We built this place in the Poconos in 1999. It's on a 6.1 acre lot on a mountainside, going down to a beautiful creek - it'd be considered a river in a lot of places. Deep enough to dive into; navigable to the Delaware River about 5-7 miles away.
Our lot is a flag lot, an irregular, kind of triangular property -- the creek frontage is almost a thousand feet. The property is heavily forested and has greenbelt to the south across the creek, so no building there. The western edge is a 500-acre preserved-in-perpetuity Boy Scout reservation, so no building there. And we own the two undeveloped northern lots, an acre each. So we cannot see any neighbors in summer, and barely in winter, with no leaves on trees. It's a cul de sac, so no traffic to speak of either.
But it's in a development, with an HOA, and most lots are more-standard subdivision size, a half-acre or less, some bigger.

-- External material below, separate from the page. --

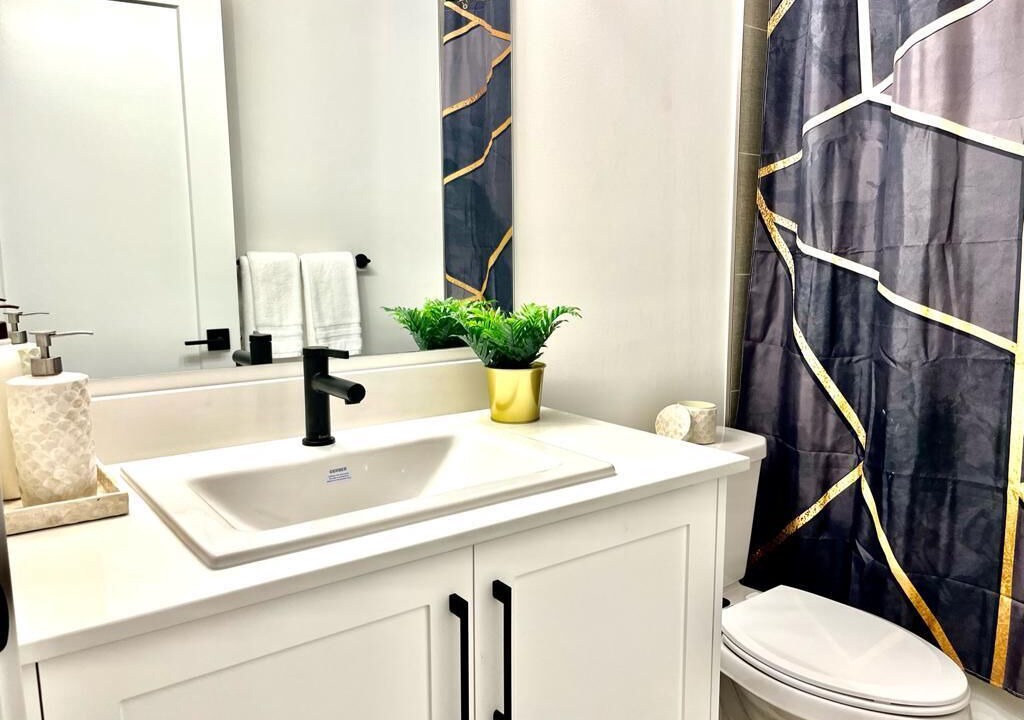Photo of Bathroom in Willoughby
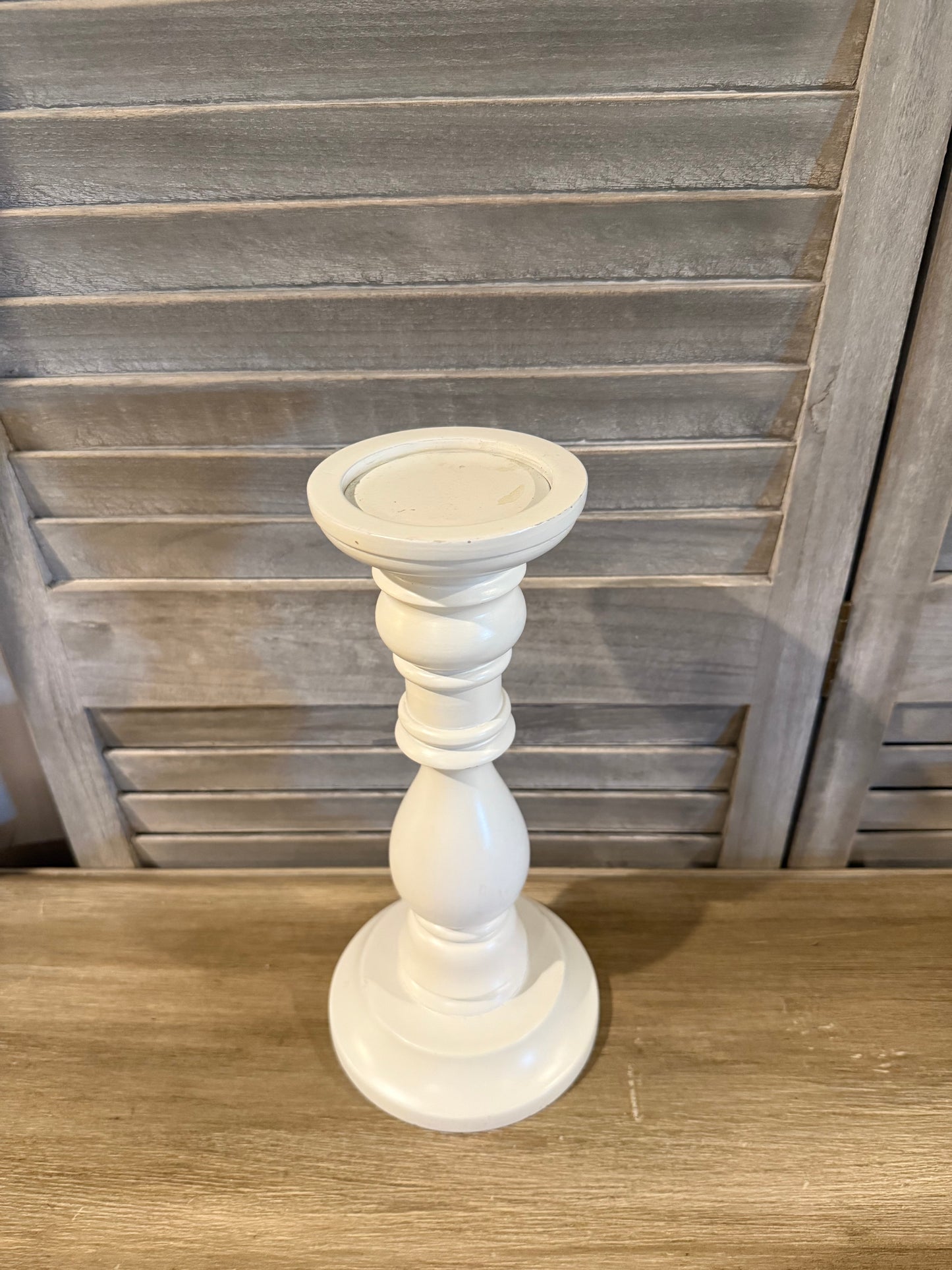 Chic White Candlestick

The house - raised ranch, but because the bottom floor is hard up against the side of the mountain -- walkout front and sides, but back is below grade -- we were told at the initial building time appraisal that the bottom floor is considered basement and can't be counted in terms of sq. footage. We disagreed mightily with that assessment, but whatever. It's weird -- house is considered 4 br, 2.5 bath, but two of those bedrooms and a bathroom are on the bottom level, so how can they count that and not count the sq. footage down there? Anyway....that's how the stats supposedly shake out.
It's cedar siding, two decks, two-car garage, cathedral prow front wall-o-windows living room, etc etc, very nice by late 90s standards, but hasn't been updated since then, other than routine maintenance.
There is NO comp anywhere around here that I know of. Nobody has our acreage and our creek frontage. The house was a custom build, so while it's a standard type of house, it's not like the builder put others like it anywhere.
How would we go about getting an accurate appraisal if we needed to?
You would get an appraiser if you were selling or refinancing.
They will find comps. If you have the nicest house in town, you will always be disappointed in the comps.
You can pay for an appraiser regardless of buying or selling or refinancing. The appraisal will be one persons opinion. I'd be shocked to you paid for two independent appraisals and received close to the same number if the property is truly unique.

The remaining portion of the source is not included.